RECORDS FOR PROCESSING START

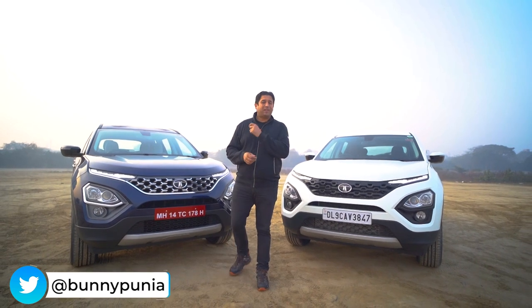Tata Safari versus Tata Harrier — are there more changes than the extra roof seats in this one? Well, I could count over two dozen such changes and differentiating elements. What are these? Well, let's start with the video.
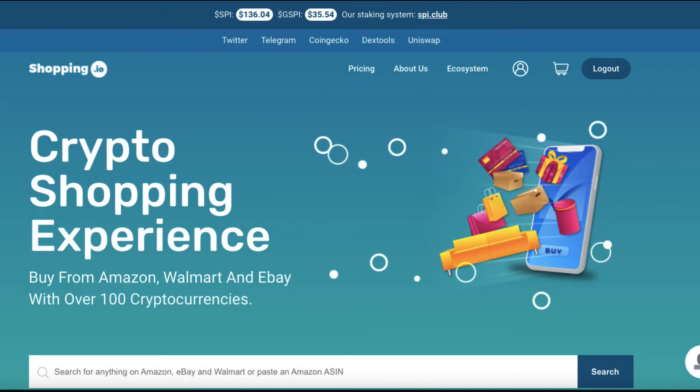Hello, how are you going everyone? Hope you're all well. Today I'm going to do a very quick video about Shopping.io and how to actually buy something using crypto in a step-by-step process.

RECORDS FOR PROCESSING END
RECORDS FOR PROCESSING START

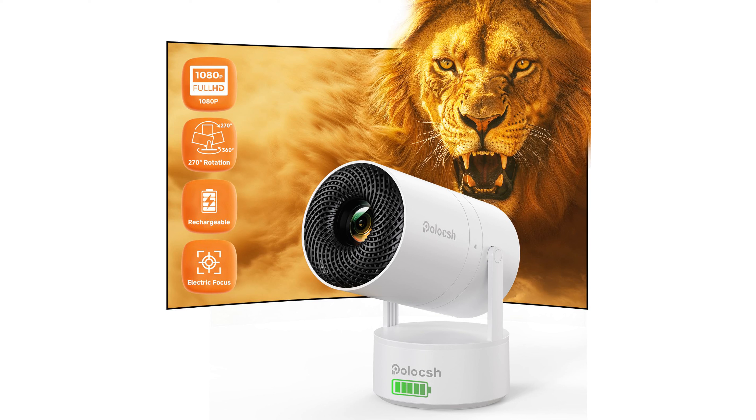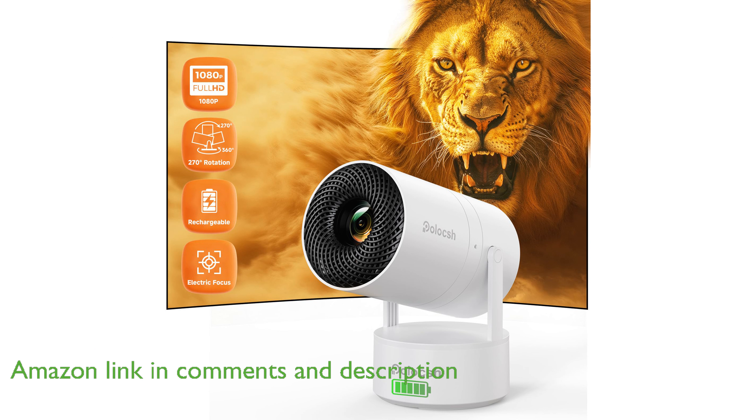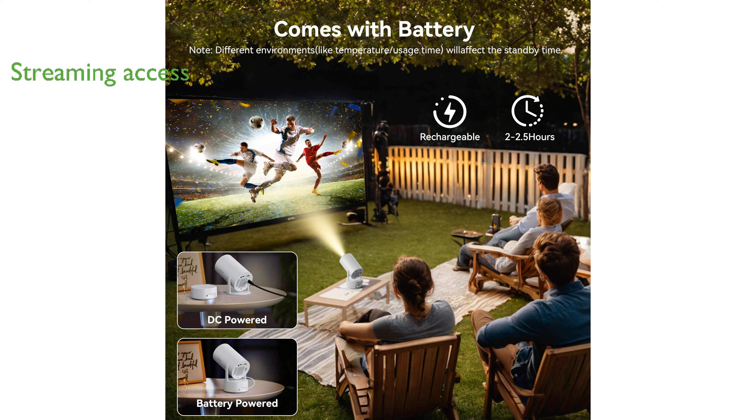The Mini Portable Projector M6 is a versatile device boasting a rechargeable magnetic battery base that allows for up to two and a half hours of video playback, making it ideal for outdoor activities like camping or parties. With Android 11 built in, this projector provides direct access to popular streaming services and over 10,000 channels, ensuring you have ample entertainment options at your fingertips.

RECORDS FOR PROCESSING END

- ACTIVITY: Return the stretch of data that begins with the line showing "Tata Safari versus" and goes on through the line showing "Hello, how are", exactly, with pictures removed.

- SOLUTION FOR THIS PROBLEM:
Tata Safari versus Tata Harrier — are there more changes than the extra roof seats in this one? Well, I could count over two dozen such changes and differentiating elements. What are these? Well, let's start with the video.
Hello, how are you going everyone? Hope you're all well. Today I'm going to do a very quick video about Shopping.io and how to actually buy something using crypto in a step-by-step process.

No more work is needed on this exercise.